Faux documents, travaux bâclés…, les escrocs produisent leurs méfaits à toute vitesse. Or, selon un rapport de l’Inspection générale des finances, il n’y aurait que 25 fonctionnaires pour gérer les 6 milliards d’euros de CEE. “Il y a un vrai problème de ressources humaines. On ne peut pas gérer des centaines de milliers de dossiers avec aussi peu de moyens. D’autant que l’objectif à atteindre pour ce dispositif sera sans doute revu à la hausse dans un futur proche”, déplore Pierre Pichère. Parmi les fraudes les plus classiques : la surévaluation de la surface du logement ou l’exagération du mauvais état de départ lors de l’étude thermique approfondie. Certains n’hésitent pas non plus à modifier l’altitude des biens : 2 000 mètres pour un logement situé à La Rochelle ! Parfois, les fraudeurs persuadent les clients d’antidater les dossiers pour les faire bénéficier d’aides qu’ils n’auraient pas dû percevoir, car les règles se durcissent au fur et à mesure. Comment prouver ces malversations ? “Il faudrait des enquêtes de police, ce qui n’aura jamais lieu”, commente Pierre Pichère.

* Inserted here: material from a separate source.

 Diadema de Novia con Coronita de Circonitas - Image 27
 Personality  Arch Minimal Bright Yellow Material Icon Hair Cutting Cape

“En 2024, on recense moins de diagnostiqueurs et de professionnels de la rénovation qu’il y a trois ans. C’est sans doute la preuve qu’une partie des gens peu sérieux ont disparu”, veut croire Thomas Reynaud, cofondateur et dirigeant de Garantme, un assureur qui se porte garant des locataires en échange d’une cotisation. La méfiance des Français, elle, demeure. Pour la lever, Thomas Reynaud propose d’impliquer davantage le secteur privé dans la rénovation. “On pourrait par exemple obliger ou inciter les institutionnels de l’immobilier à rénover une partie de leur parc sous gestion. Grâce au nombre important de chantiers concernés, cela permettrait d’obtenir des tarifs plus intéressants pour les particuliers.”
Certains maires se mobilisent car ils sont les mieux placés pour repérer les biens à rénover et instaurer un dialogue avec leurs propriétaires. Ainsi, le programme “Territoires zéro exclusion énergétique”, qui s’étend sur une quinzaine de collectivités pilotes, prévoit d’accompagner plusieurs milliers de familles dans les années qui viennent. Une initiative louable, mais dérisoire par rapport à l’ensemble des besoins. “Il faudrait faire de la précarité énergétique une cause nationale, plaide Pascale Mouget. Aujourd’hui, malgré l’ampleur du phénomène, ce n’est pas encore le cas.”